63. Les autorités m’ont expliqué que certains des problèmes rencontrés
par les ONG qui effectuent des démarches auprès de l’administration
étaient liés à un excès de bureaucratie, dont l’origine remonte
à l’époque de l’empire austro-hongrois. Il ne s’agit donc pas de
difficultés propres aux ONG, mais d’un problème plus général. Pour
y remédier, le gouvernement élabore en ce moment une législation
qui vise à simplifier la procédure judiciaire et à garantir aux
ONG un accès à un financement transparent. De plus, le Groupe de travail
sur les droits de l’homme se réunit tous les six mois sous les auspices
du ministère de la Justice et 200 ONG participent à ces réunions.
J’ai constaté au cours de ma visite qu’il existait une défiance
générale et mutuelle entre les ONG et les autorités et que ces dernières
faisaient une distinction entre les organisations «de l’opposition»
et celles «qui ne font pas partie de l’opposition».
4. Législation sur les ONG
dans les Etats membres du Conseil de l'Europe: analyse des réponses
au questionnaire du CERDP
64. A la suite du questionnaire
que j’ai envoyé aux parlements de tous les Etats membres par l’intermédiaire du
Centre européen de recherche et de documentation parlementaires
(CERDP)

,
j’ai reçu des réponses de 31 Etats membres: l’Albanie, l’Allemagne,
l’Andorre, l’Autriche, la Belgique, la Bosnie-Herzégovine, Chypre,
la Croatie, l’Estonie, la Finlande, la France, la Géorgie, la Grèce,
la Hongrie, la Lettonie, «l'ex-République yougoslave de Macédoine»,
la Lituanie, le Luxembourg, le Monténégro, la Norvège, les Pays-Bas,
la Pologne, le Portugal, la République de Moldova, la Fédération
de Russie, la République slovaque, la Roumanie, le Royaume-Uni,
la Serbie, la Slovénie et la Suède. Ces réponses sont résumées ci-dessous.
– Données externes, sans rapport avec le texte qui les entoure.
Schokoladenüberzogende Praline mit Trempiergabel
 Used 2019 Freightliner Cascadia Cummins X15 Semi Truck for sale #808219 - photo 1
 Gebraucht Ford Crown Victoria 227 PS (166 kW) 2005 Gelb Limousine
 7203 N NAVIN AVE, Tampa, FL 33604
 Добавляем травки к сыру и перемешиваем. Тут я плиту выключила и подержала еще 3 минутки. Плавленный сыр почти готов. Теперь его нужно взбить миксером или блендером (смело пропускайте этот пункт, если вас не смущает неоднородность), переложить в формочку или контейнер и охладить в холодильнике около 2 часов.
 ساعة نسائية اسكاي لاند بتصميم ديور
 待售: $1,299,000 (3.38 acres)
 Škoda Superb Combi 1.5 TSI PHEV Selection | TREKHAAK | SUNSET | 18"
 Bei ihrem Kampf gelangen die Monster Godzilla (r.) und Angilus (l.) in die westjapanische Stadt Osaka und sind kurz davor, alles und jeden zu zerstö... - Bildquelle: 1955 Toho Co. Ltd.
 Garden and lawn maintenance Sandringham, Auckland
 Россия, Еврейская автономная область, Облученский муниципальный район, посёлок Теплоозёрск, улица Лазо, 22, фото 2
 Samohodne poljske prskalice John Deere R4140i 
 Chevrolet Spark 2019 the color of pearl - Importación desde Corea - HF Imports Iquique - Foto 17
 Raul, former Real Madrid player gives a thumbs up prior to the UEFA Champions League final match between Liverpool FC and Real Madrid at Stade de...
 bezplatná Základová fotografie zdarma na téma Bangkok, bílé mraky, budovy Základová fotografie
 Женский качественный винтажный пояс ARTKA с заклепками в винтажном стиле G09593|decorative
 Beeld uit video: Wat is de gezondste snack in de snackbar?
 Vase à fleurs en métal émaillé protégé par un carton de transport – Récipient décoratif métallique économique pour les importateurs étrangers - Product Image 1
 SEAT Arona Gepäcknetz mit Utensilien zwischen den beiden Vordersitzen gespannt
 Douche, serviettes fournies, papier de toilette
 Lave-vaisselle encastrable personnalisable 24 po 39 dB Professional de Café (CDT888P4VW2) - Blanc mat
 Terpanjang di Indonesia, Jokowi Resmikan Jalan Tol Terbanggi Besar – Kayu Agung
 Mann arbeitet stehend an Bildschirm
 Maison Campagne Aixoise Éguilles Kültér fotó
4.1. Législation générale sur
les ONG
4.1.1. Sous quelle(s) forme(s)
juridique(s) peuvent opérer légalement les ONG? Sont-elles obligées d’acquérir
la personnalité juridique?
65. Le terme «ONG» n’a généralement
pas de définition juridique dans la plupart des Etats membres du Conseil
de l'Europe (sauf en Lituanie). Les ONG fonctionnent le plus souvent
sous la forme d’associations, mais parfois aussi sous d’autres formes
(fondations, clubs, syndicats, sociétés à but non lucratif, etc.
– la terminologie varie selon les Etats).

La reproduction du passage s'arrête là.